Partendo da un misterioso incidente stradale che fa da perno a tutto il racconto, il film racconta l’intrecciarsi di tre storie ambientate nella Brianza lombarda. Nella prima, Dino Ossola (Fabrizio Bentivoglio), immobiliarista bramoso di ascesa sociale, investe tutti i suoi risparmi nei titoli della fondazione di Carlo Barnaschi (Fabrizio Gifuni), padre del fidanzato di sua figlia. Nella seconda, la moglie di Barnaschi (Bruni Tedeschi) si innamora di un teatro abbandonato e decide di darsi al mecenatismo. Nella terza, la figlia di Dino Ossola (Gioli) lascia il figlio di Barnaschi (Pinelli) e conosce Luca (Anzaldo) ragazzo problematico ma sensibile. Queste tre vicende finiranno per collidere la sera del misterioso incidente stradale che apre il film.

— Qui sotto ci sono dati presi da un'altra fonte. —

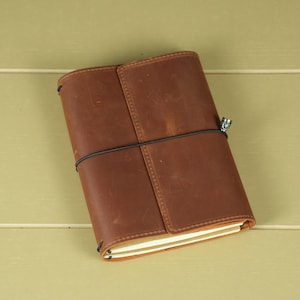 Pode incluir: Uma capa de couro castanho para caderno com um acabamento mate suave e marcas naturais vis&iacute;veis. A capa &eacute; fixada por um cord&atilde;o el&aacute;stico preto fino enrolado horizontalmente &agrave; volta do centro, com um pequeno pendente de metal prateado preso.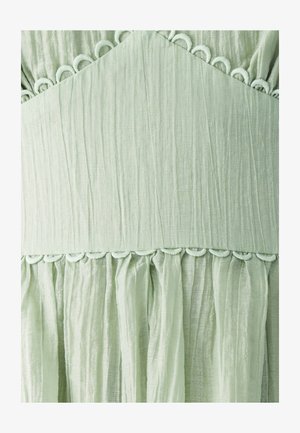 Light green fabric with a textured finish, featuring a ruffled hem and circular detailing along the seam. Subtle sheen and soft drape.
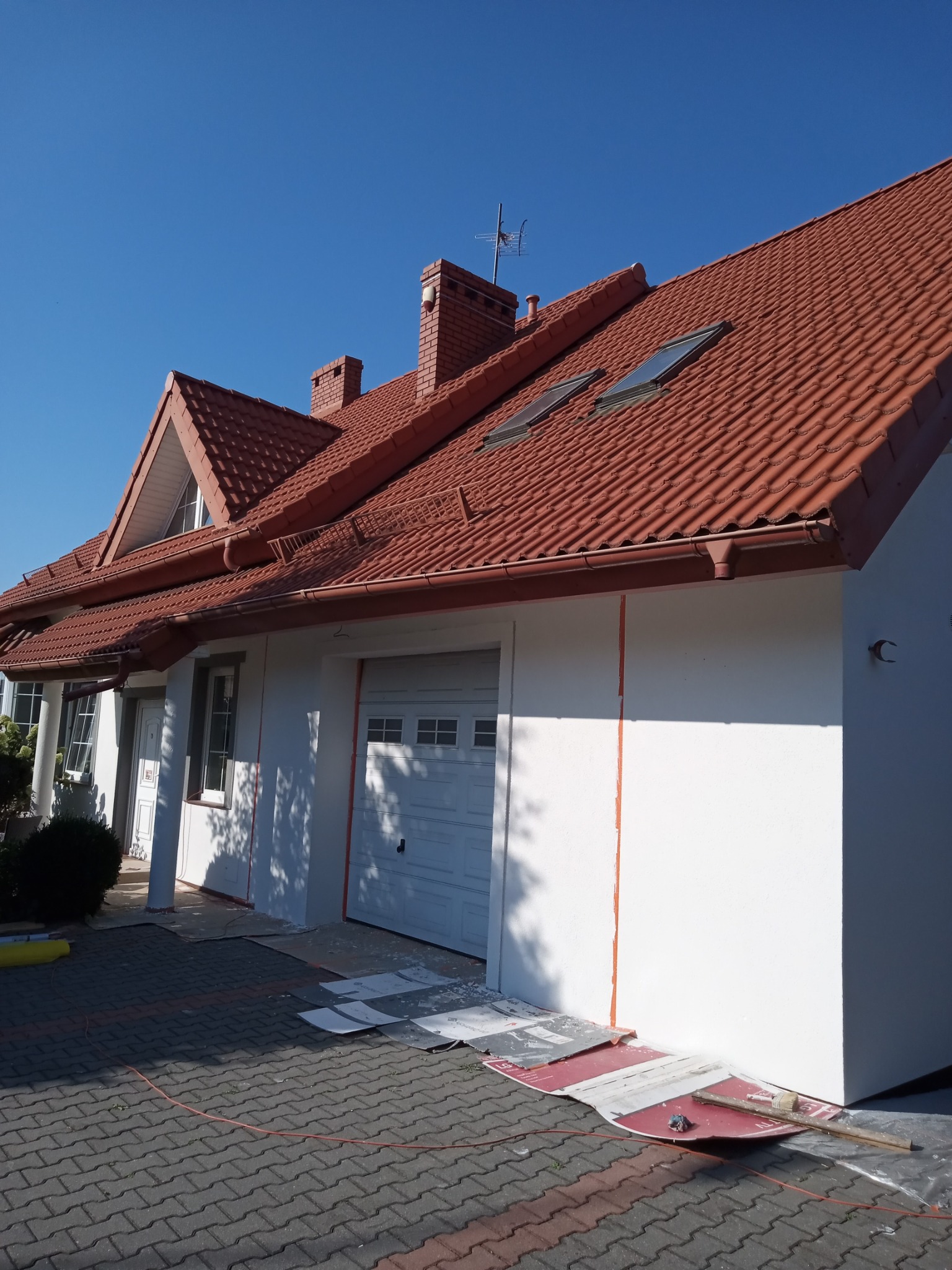Dom jednorodzinny z czerwoną dachówką po częściowym pomalowaniu elewacji na biało, widoczne zabezpieczenia na chodniku i resztki farby.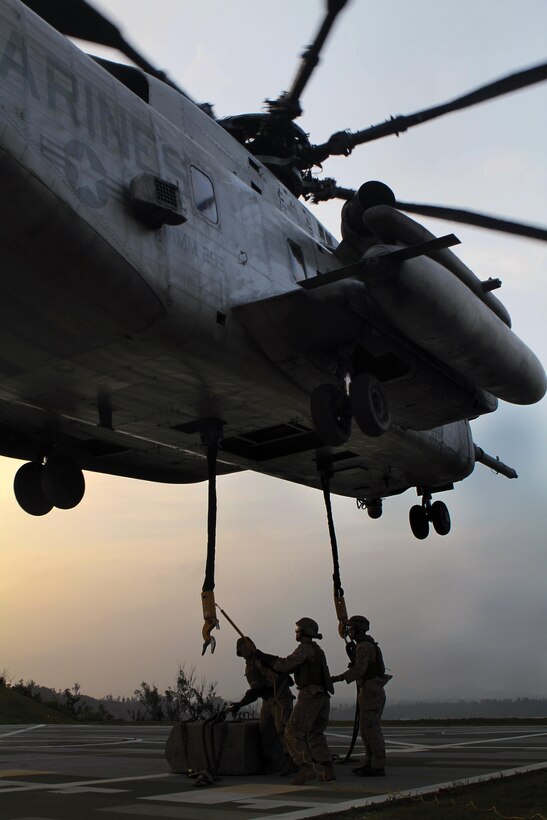Landing support specialists attach a 7,000-pound cement block to a CH-53E Super Stallion helicopter during dual-point external training at Landing Zone Swan in the Central Training Area May 10. The training consisted of transporting the cement block to different locations around the landing zone,
with the block simulating a Humvee. The helicopter can carry externally slung loads up to 36,000 pounds and is used for cargo loads like military vehicles, supplies, food and water. The helicopter is with Marine Medium Helicopter Squadron 265 (Reinforced), Marine Aircraft Group 36, 1st Marine Aircraft
Wing, III Marine Expeditionary Force.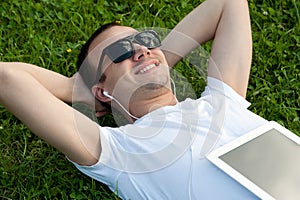 Man lie with tablet on the grass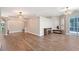 A large living room with hardwood floors, a ceiling fan, and a decorative fireplace at 4603 4Th E Ave, Bradenton, FL 34208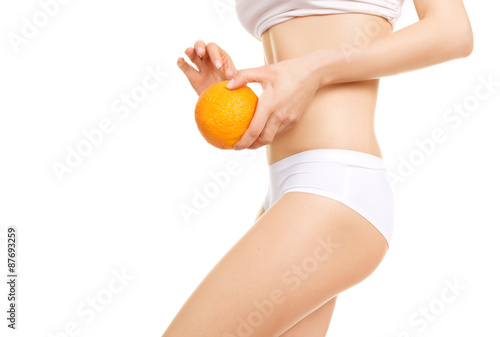 Beautiful female body with orange on a white background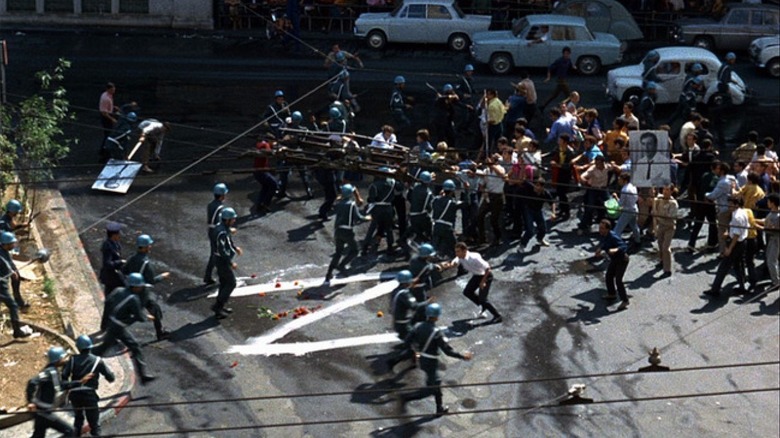 A street scene of political turmoil in Z (1969)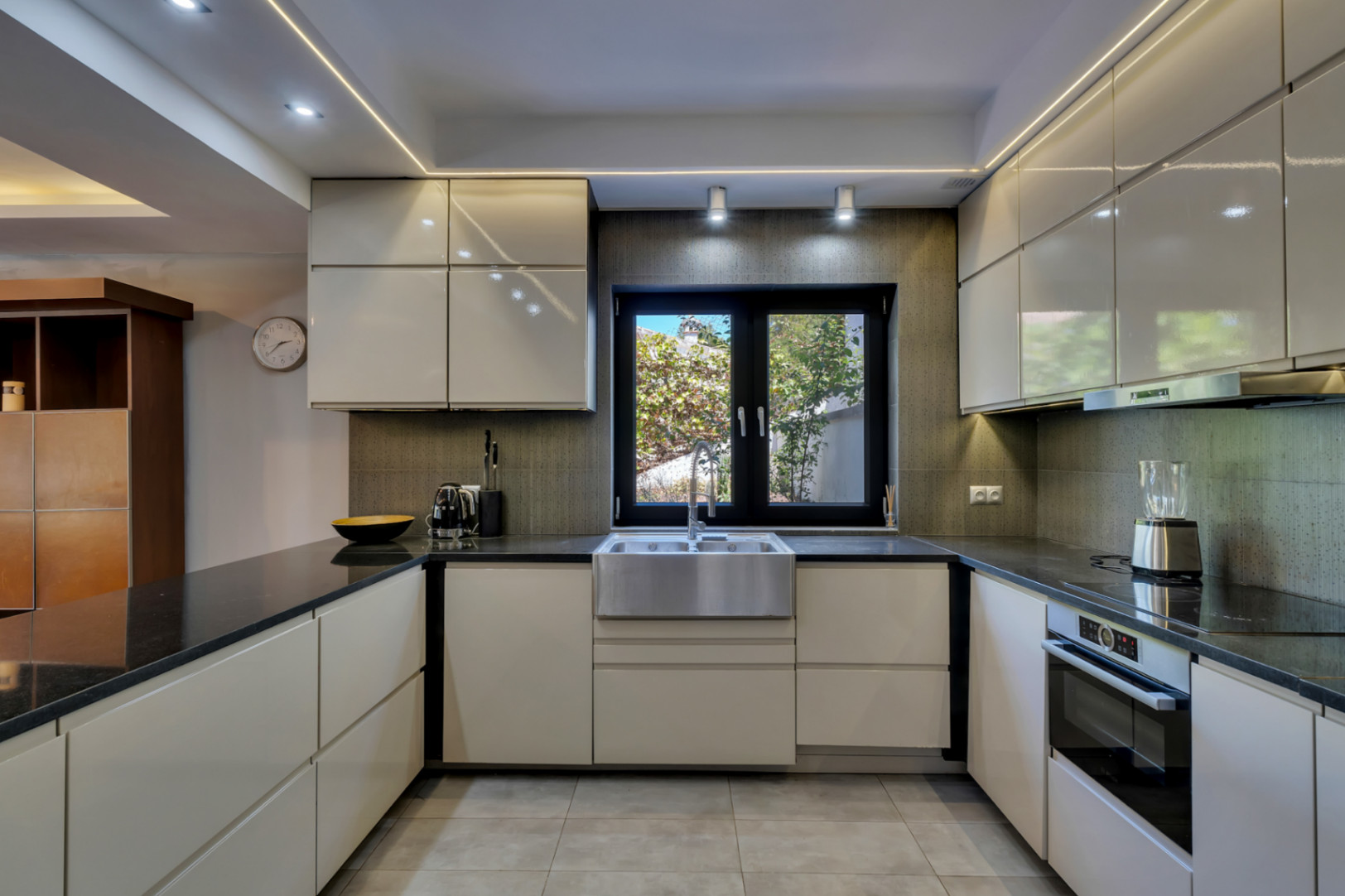 Cocina moderna con armarios lacados en blanco roto, encimeras negras y fregadero de acero inoxidable bajo una ventana que da a la vegetación. Iluminación LED integrada y suelo de baldosas grises.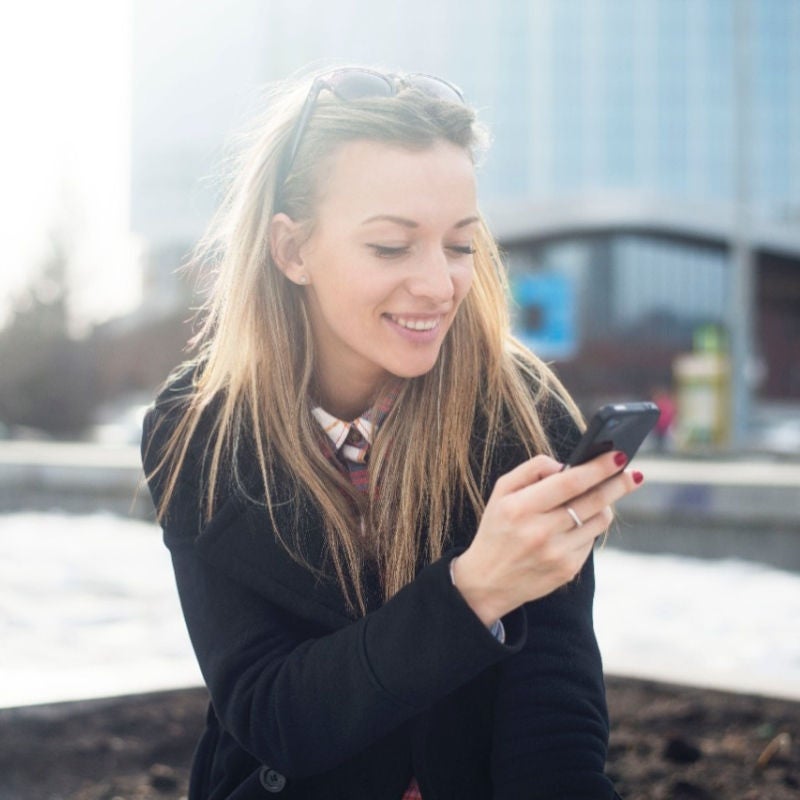 A younger woman sitting outside next to an office building looks at her smartphone.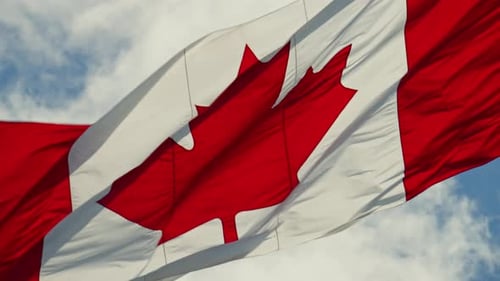 Canadian Flag Waving in a Blue Sky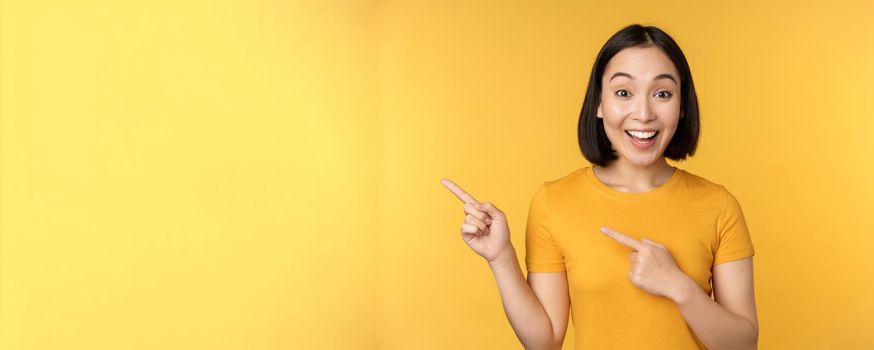 Smiling asian woman pointing fingers left, showing advertisement on empty copy space, standing over yellow background.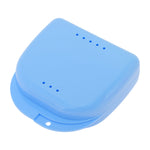 Closed small blue plastic orthodontic/retainer case with ventilation holes on top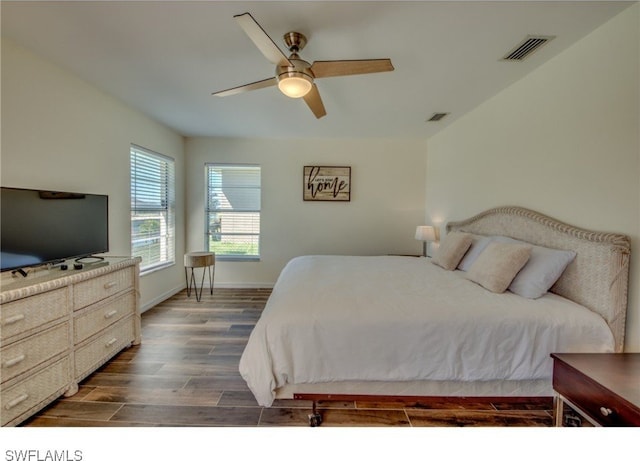 bedroom with ceiling fan and dark wood-type flooring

Virzì, insieme agli storici collaboratori Bruni e Piccolo, trasporta il romanzo di Amidon dalla provincia americana del Connecticut alla Brianza, facendone uno specchio crudele e beffardo di quell’Italia teoricamente virtuosa ma in realtà volgare ed arrivista che ha portato il paese sull’orlo della bancarotta. Attraverso il film, infatti, emerge chiaro il ritratto di un default culturale prima che economico, prodotto da una generazione che ha dissipato tutto ciò che ha ricevuto dai padri e ha rovinato il futuro dei propri figli, pensando che la scorciatoia e l’aggiramento dell’ostacolo fossero il modo più saggio attraverso cui affrontare la vita. Quello del Capitale Umano è un ritratto cupo e feroce dell’Italia di oggi, la cui rinascita, come suggerisce l’ultima scena, viene affidata con speranza ai giovani, in un passaggio di testimone generazionale che fa intravedere una scintilla di ottimismo. A questa efficace architettura metaforica, comunque, si somma un film dalla forza narrativa unica, con un lotto di personaggi perfetti e memorabili e con un intreccio geniale che tiene con il fiato sospeso fino all’ultimo minuto. Il Capitale Umano è dunque una dramedy con venature thriller che sa cogliere in modo davvero unico lo spirito dei tempi e che dimostra, una volta per tutte, la raggiunta maturità artistica di Paolo Virzì. Se tra 20 anni si vorrà capire com’era l’Italia nel 2013, si potrà benissimo cominciare guardando questo film.